In our multicultural world, families look forward to many different holidays in the fall and winter months. With varied family structures, parents struggle to meet the needs of everyone’s traditions and faiths. Sometimes, competing interests of mothers and fathers become the focus instead of the pleasure of the seasons. How do you enjoy holidays without succumbing to the pressures to make them just right?
Do You Want Your Holidays to be Child-Focused?
If the overall goal is to have our children enjoy the holidays and learn what they are all about, emotions settle down. Here are a few suggestions or options some families have tried with great success:
1. Consider limiting presents to children and teens.
Families who have tried this approach find the financial pressures diminish greatly and time spent online or in stores is cut down considerably. Children are generally not good shoppers for any length of time, so time with kids at home away from crowded stores is usually more beneficial than rushing them about while buying gifts for lots of adults.
2. While creating traditional meals, keep in mind kids’ allergies, and what children actually eat.

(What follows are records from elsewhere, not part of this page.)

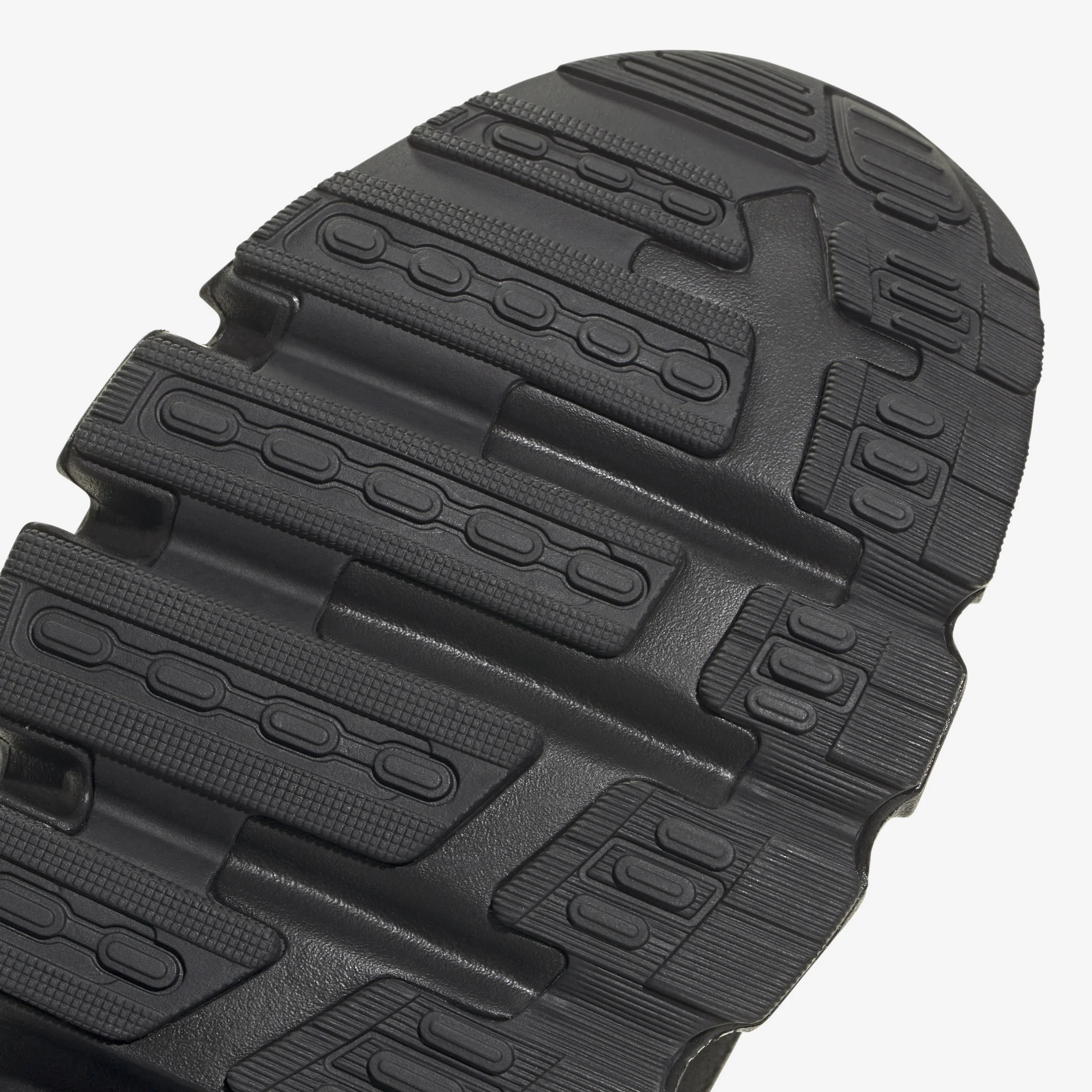 Wmns Adifom Megajane - Image 7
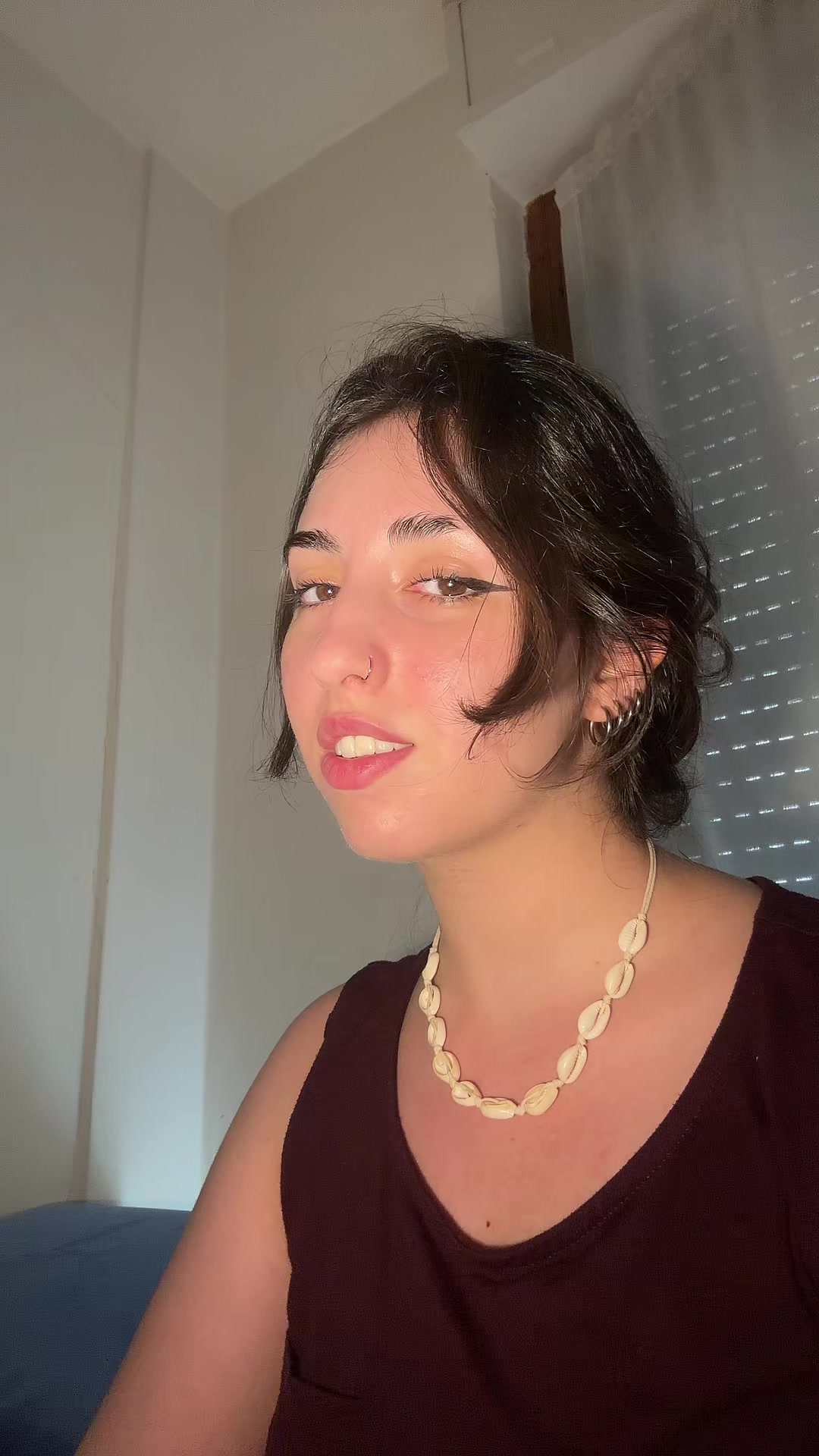@Giulia 🏳️‍🌈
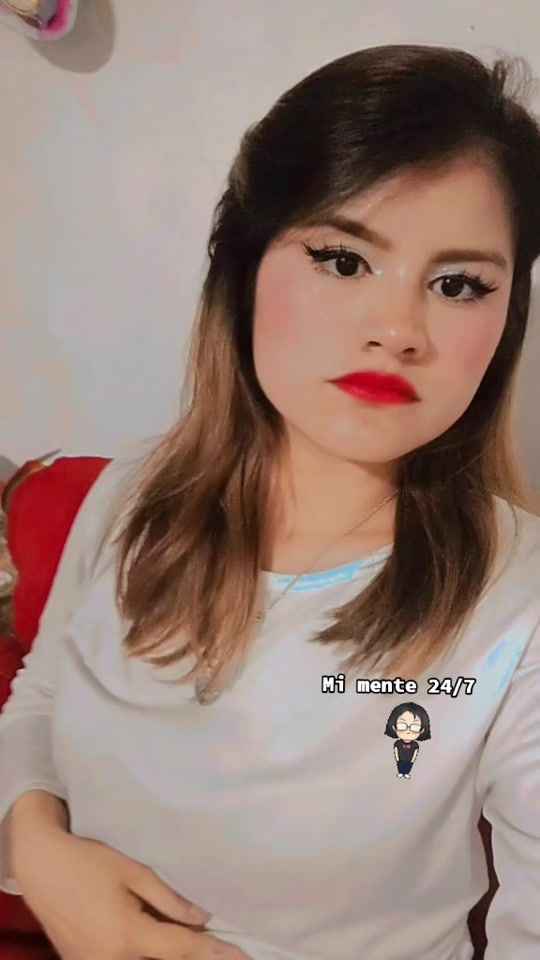 TikTok video thumbnail by crisvazquez39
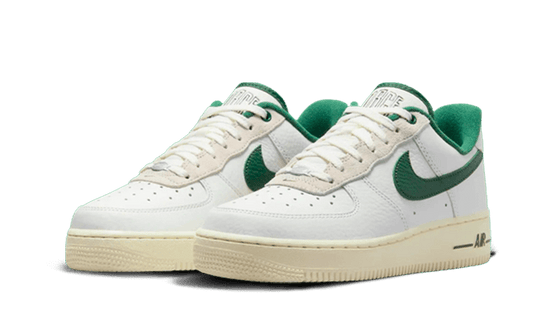 Nike Air Force 1 Low '07 Gorge Green - DR0148-102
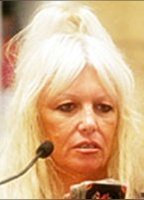 Маргарет Дюпре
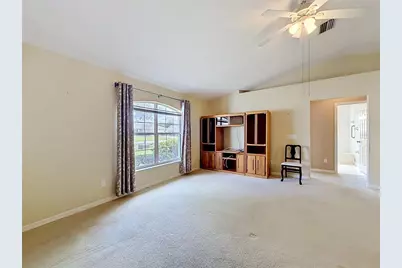 4608 NW 30th Place, Ocala, FL 34482 - Photo 12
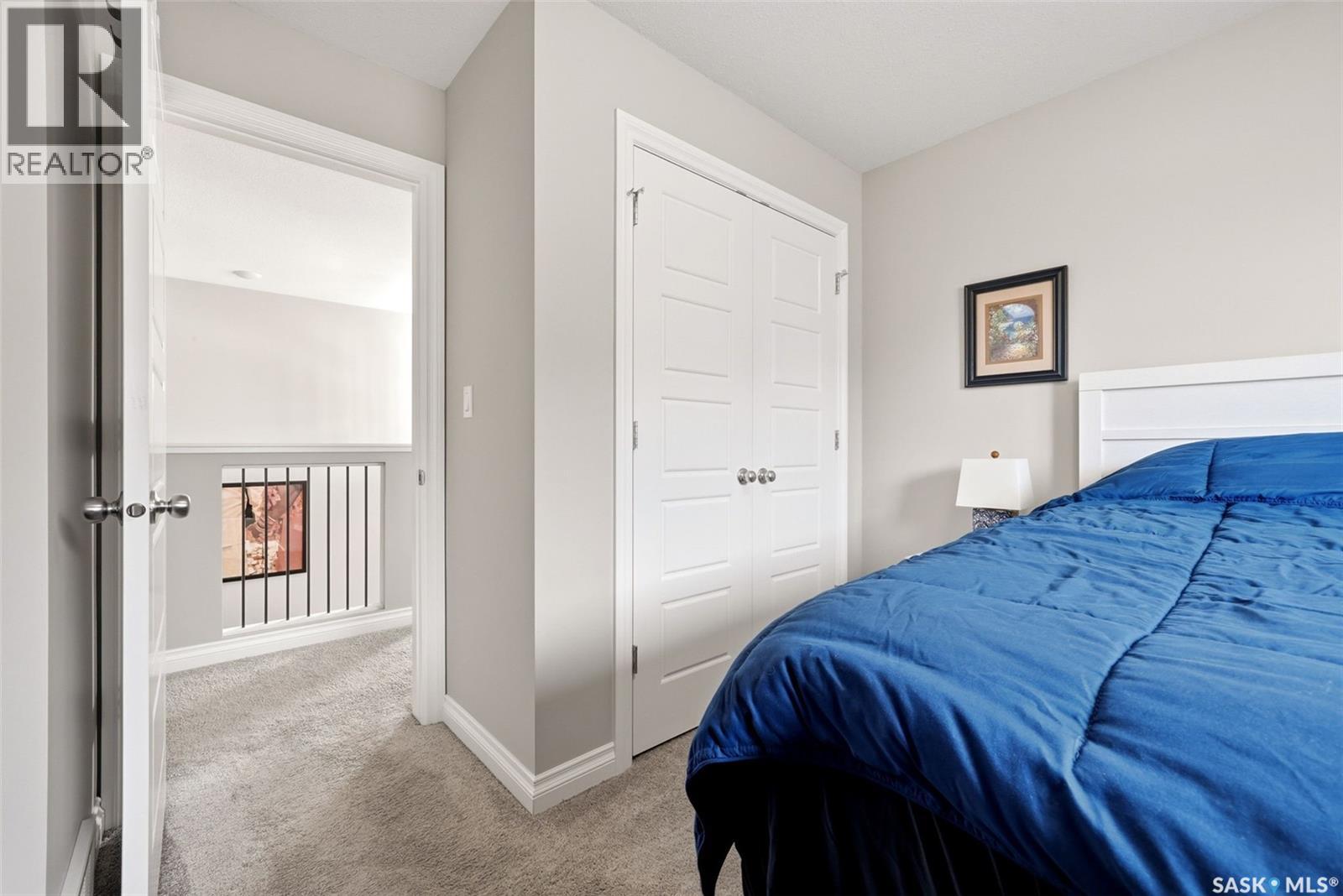 5148 Green CRESCENT - Image 30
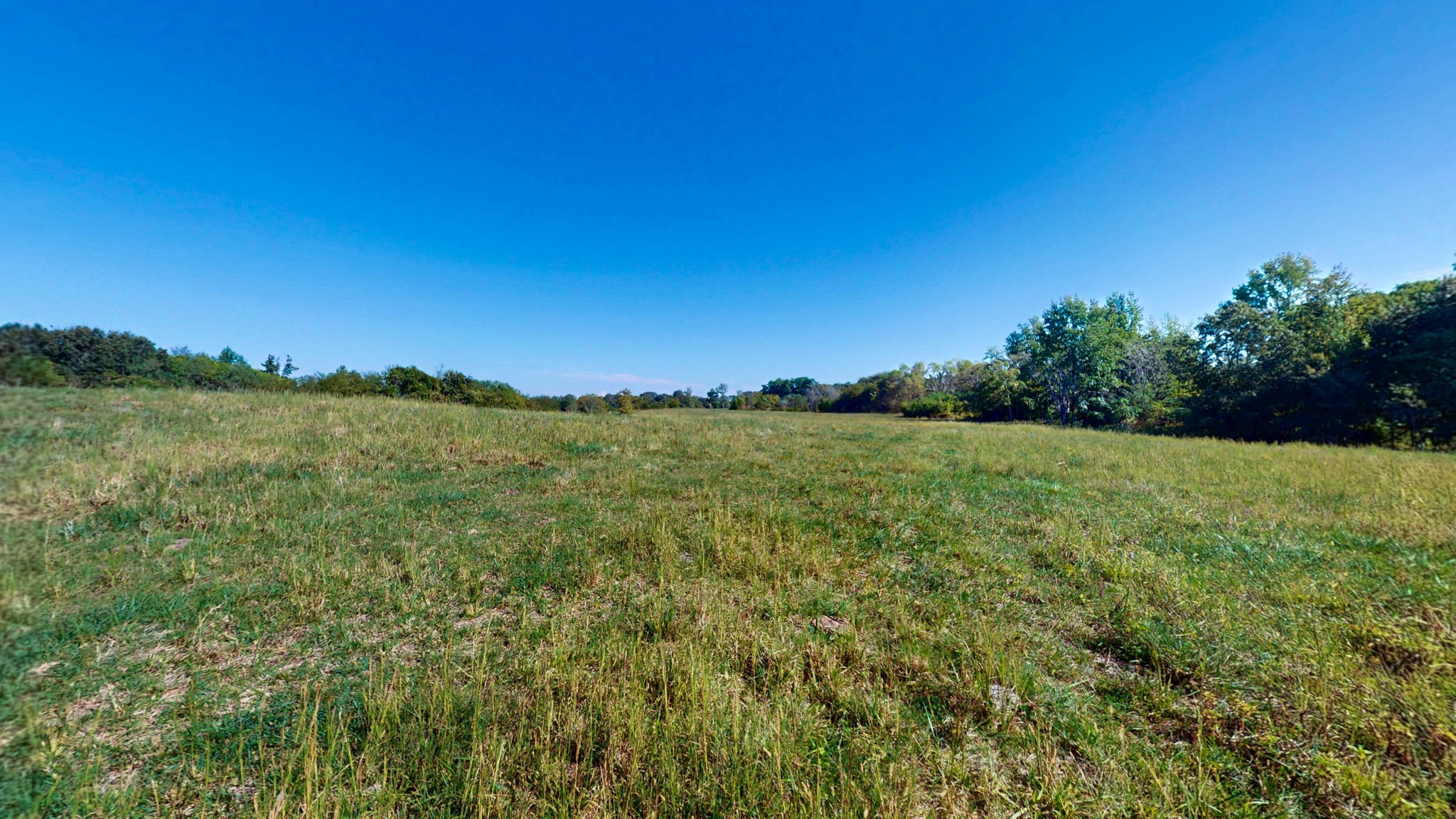 0 Old Paris Murray Rd Property Photo 22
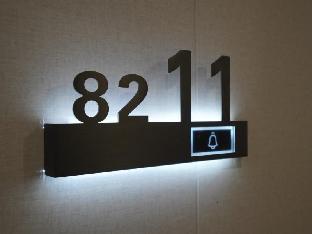 greentree inn express hebei shijiazhuang zhengding county changshan dong road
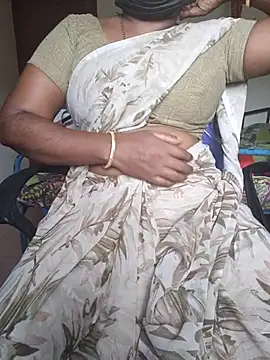 Tamil roja69 online show from October 12, 7:54 am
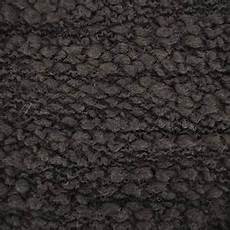 Gabardine Fabrics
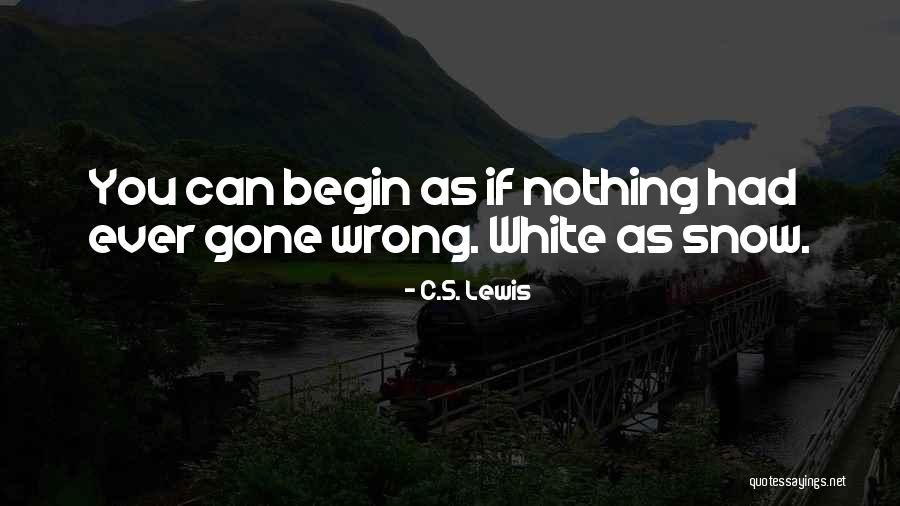 Exit And Emergency Quotes By C.S. Lewis Exit And Emergency Quotes By C.S. Lewis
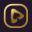 PlayBet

Elaborate recipes sometimes carry out family traditions joyously, but other times they require hours of preparation that actually take parents away from their children and thus limit the fun of the holidays.
3. Evaluate which adults are responsible for what tasks.
Some adults are just better at organizing shopping and cooking than others. The jobs naturally fall to them and sometimes they shoulder too much of the responsibilities. This leads to resentments among adults, again taking them away from the kids.